__What you have to do__
Could you output the listing that follows exactly, without its images?

START Raw data

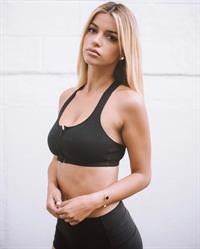 Pani Sabet Pictures All Natural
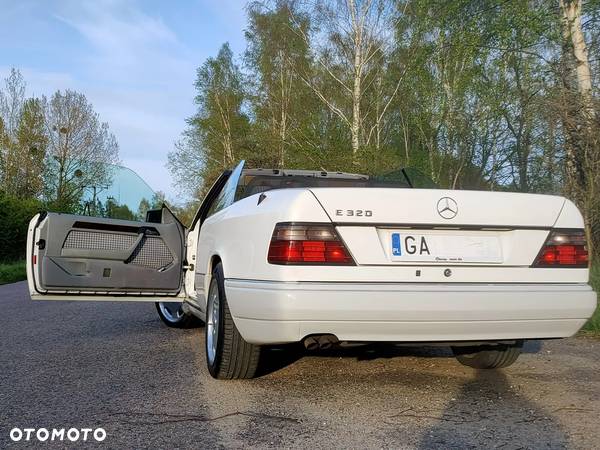 Mercedes-Benz W124 (1984-1993) - 12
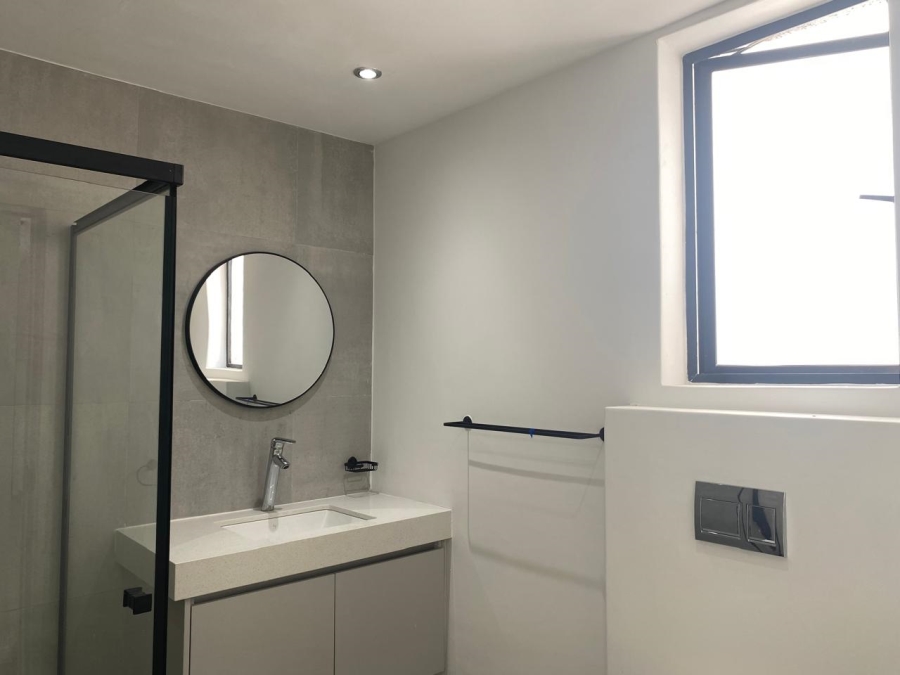 2 Bedroom Property for Sale in Claremont Western Cape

END Raw data

__Answer to this task__
 Pani Sabet Pictures All Natural
 Mercedes-Benz W124 (1984-1993) - 12
 2 Bedroom Property for Sale in Claremont Western Cape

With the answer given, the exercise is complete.